In a debate last week in the European Parliament around the Council of Europe Convention on Preventing and Combating Violence Against Women and Domestic Violence, better known as the Istanbul Convention, Romanian member Cristian Terheș, a representative of the National Peasants Party, dismantled radical European leftists promoting extreme gender ideology.
Terheș told the European Parliament, “A woman, regardless of the age, is not a matter of feeling, or the decision of a political majority, or a social construct, as this convention claims, but an ontological, biological and genetical reality that is clearly different than a man. Acknowledging, even in the law, that a man can identify as a woman, is a woman, is simply absurd, and actually the biggest threat to women. A man can claim that he identifies as a car, but that does not mean in a sane society we give that person a license plate instead of an ID card. This gender ideology is clearly undermining womankind and is a dream come true for male perverts who can claim now that they identify as women and are allowed to serve sentences in female prisons where in some instances they left some pregnant. To protect women against any kind of violence and abuse we need to define first their identity, which is not a matter of feeling but a matter of ontological, biological, and genetical fact which is different than that of a man.”

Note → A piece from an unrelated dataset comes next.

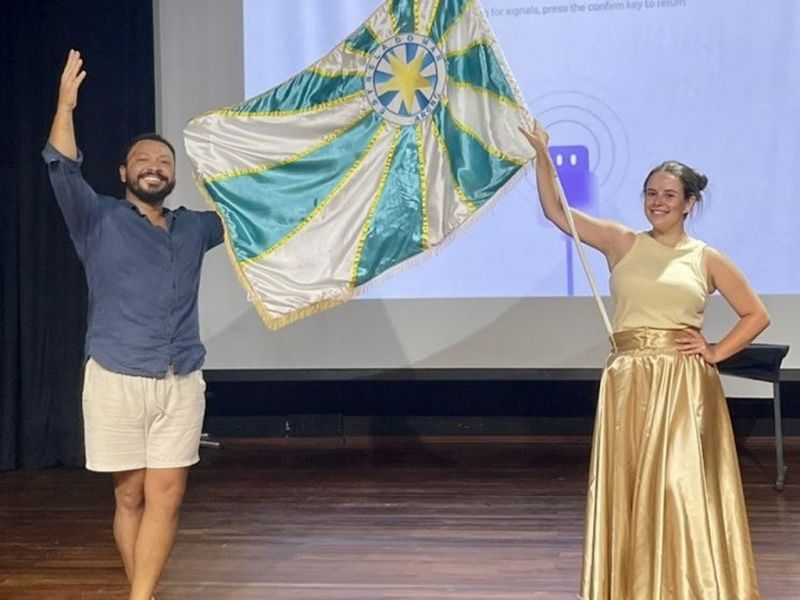 Cristian Meirelles e Isabelli Rebello, o primeiro casal de mestre-sala e porta-bandeira da Estrela do Mar, acelerando os ensaios para o carnaval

Romania’s representative explained on Twitter that the debate over the Istanbul Convention “is not just about combating violence against women (all sane people oppose violence against women), but redefining what a woman is. According to this Convention, “gender” is not related to a biological sex anymore, but “the socially constructed roles, behaviors, activities and attributes that a given society considers appropriate for women and men.” To claim that womanhood is not a reality in itself, but something so fluid, relative and uncertain so others – i.e. society – have to agree on what is or “considers appropriate” to be is simply absurd. If this is not the biggest threat to womanhood, then what is?”
In an effort to shut down any debate on the subject, three Socialist members of the European Parliament, Malin Björk, Evin Incir, and Samira Rafaela, drafted a letter to the President of the Parliament, Roberta Metsola, asking that an investigation be opened against Terheș and two other MEPs, accusing them of “making statements that incite hatred.”